L’huile c’est ce qui alimente et permet la lumière, et permet donc de distinguer les choses, d’y voir clair dans nos vies et ce qui nous entoure, mais l’huile, c’est aussi – nous le savons – le signe des bénédictions de Dieu pour nous. Ces huiles par exemple dont nous sommes marqués à des moments importants de la vie comme au baptême ou au sacrement des malades. Bénédictions de Dieu comme autant de signes d’affection, d’attachement, d’intérêt de Dieu pour nous. Ces bénédictions-là, ces mémoires de l’amour de Dieu pour nous, elles nous sont précieuses sur la route de nos vies.

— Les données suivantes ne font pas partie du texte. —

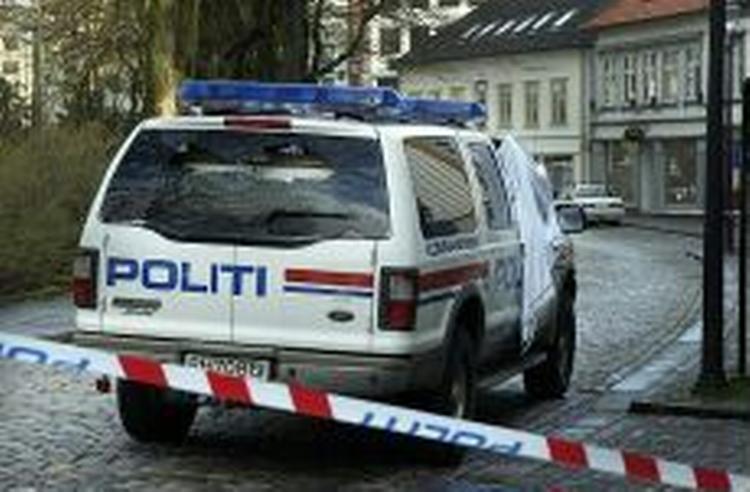 I denne politibil blev den 53-årige betjent dræbt. - Foto: AP 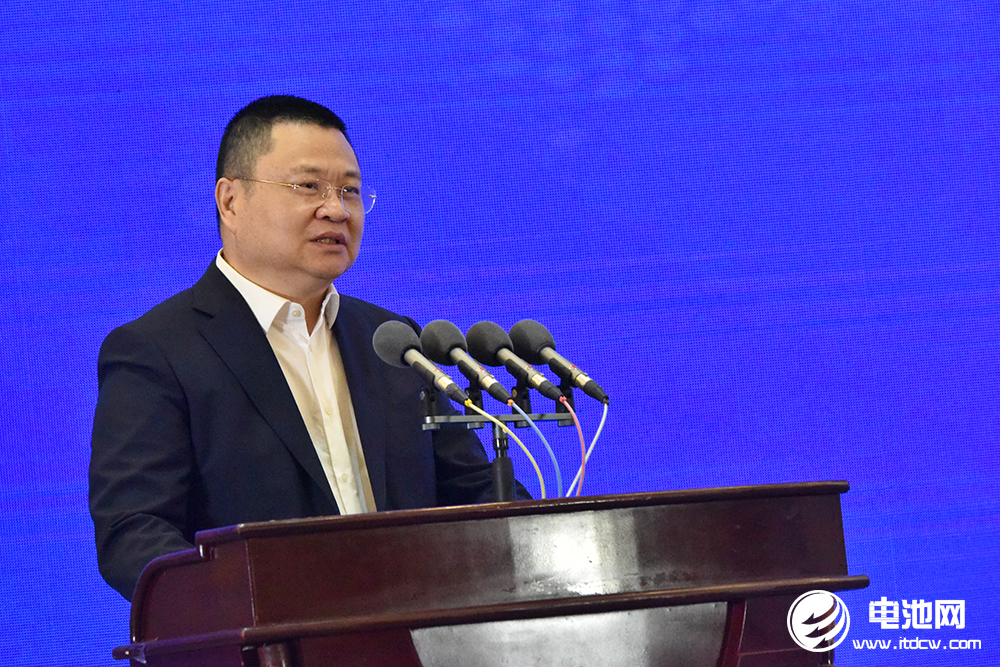 易事特集團(tuán)股份有限公司董事長(zhǎng)何思模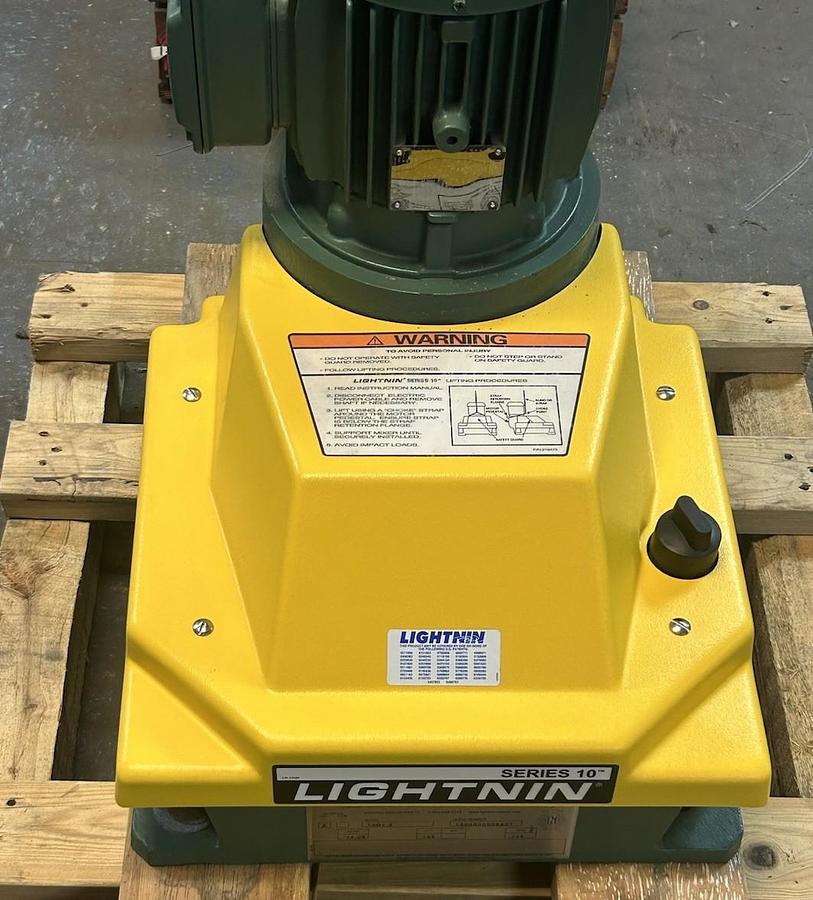 LIGHTNIN,14Q1.5,SERIES 10 MIXER 1.5HP 125RPM 14.06 RATIO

Alors, ce que nous pouvons souhaiter, ce que nous pouvons demander à Dieu dans cette eucharistie, c’est que Penboc’h soit non seulement un lieu où chacun peut trouver l’huile de sa lampe, suffisamment pour voir clair dans toutes les nuits et clairs-obscurs de sa vie, mais aussi un lieu où il goûte les bénédictions de Dieu, où il découvre de quel amour il est aimé et à quel amour des autres il est appelé.

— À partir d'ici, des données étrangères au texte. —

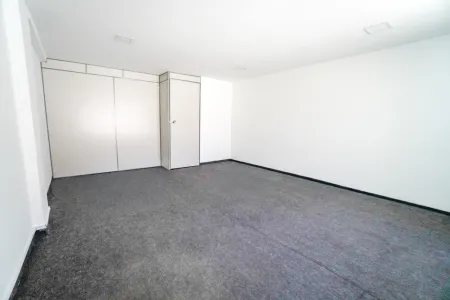 Sala Comercial Via T-2
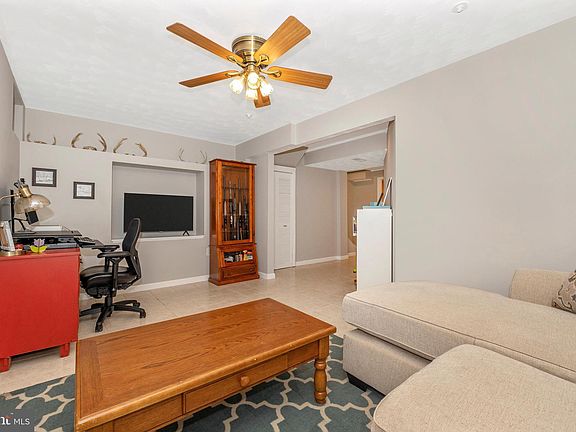 4th image of 5603 Queen Anne Ct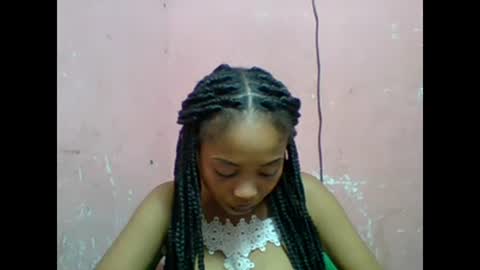 estelah20 online show from 11-18-25, 11:14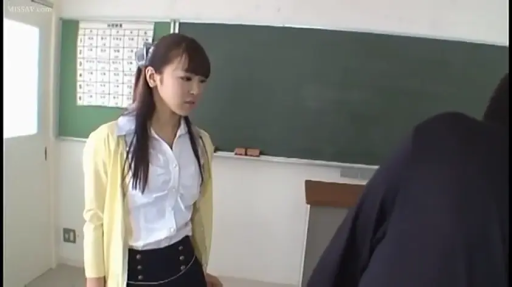 严肃 · 教室 · 师生 · 站立 · 中景 · 黑板 · 对峙 · 教师装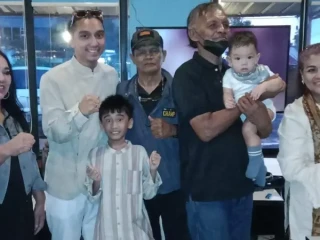 Benigno Mandela Bolang (kedua dari kiri) prihatin dengan perkembangan tinju profesional Indonesia sehingga terjun gelar tinju profesional HUT ke-499 Kota Jakarta. (Ist)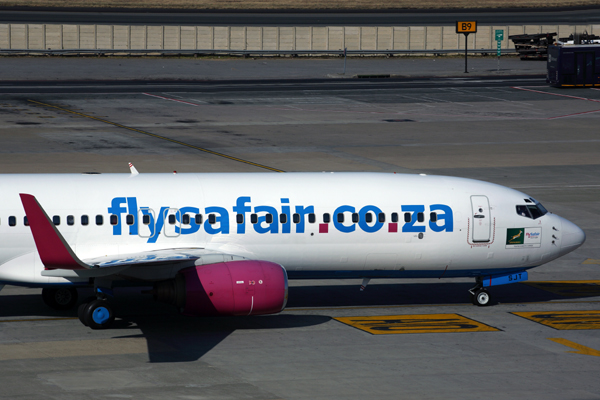 FLY SAFAIR BOEING 737 800 JNB RF 5K5A8856.jpg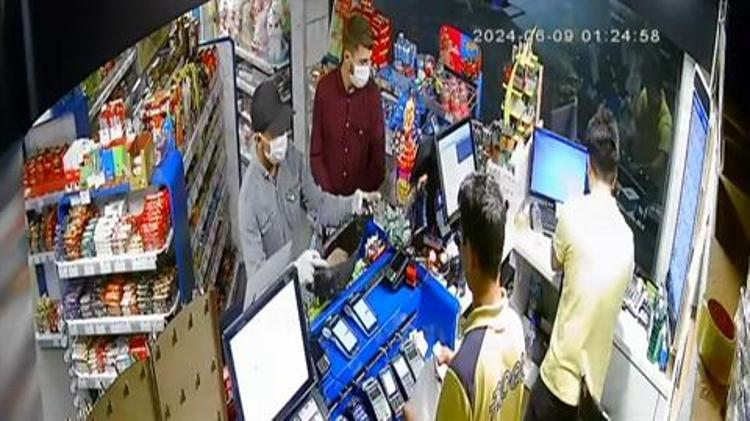 Yüzlerini maskeyle kapatarak benzinlik soymaya çalıştılar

Il faut parfois du temps, du silence, de l’écoute, de la bienveillance pour découvrir et comprendre intimement ce que nous a dit l’apôtre Paul que « ce qui est folie de Dieu est plus sage que les hommes, et ce qui fait la faiblesse de Dieu est plus fort que les hommes » (1 Cor, 1, 25). Et pour en tirer toutes les conséquences pour sa vie. Et bien, que Penboc’h soit un lieu pour ce travail de Dieu en nous, pour rester éveillés, pour aider à discerner dans tous les enjeux et les agitations de notre cœur et du monde, ce qui est sagesse et folie, ce qui conduit à Dieu et à la vie, et ce qui conduit à la nuit.

N’est-ce pas en fait l’expérience que St Augustin que nous fêtons aujourd’hui a faite dans sa vie ? Rappelons-nous les mots qu’il prononçait, ceux d’un cœur touché par cet amour fou qu’il a découvert, un amour qui surpasse tous les autres, et auquel il s’est donné avec passion : « la mesure d’aimer Dieu, c’est Dieu même ; la mesure de cet amour c’est de l’aimer sans mesure ».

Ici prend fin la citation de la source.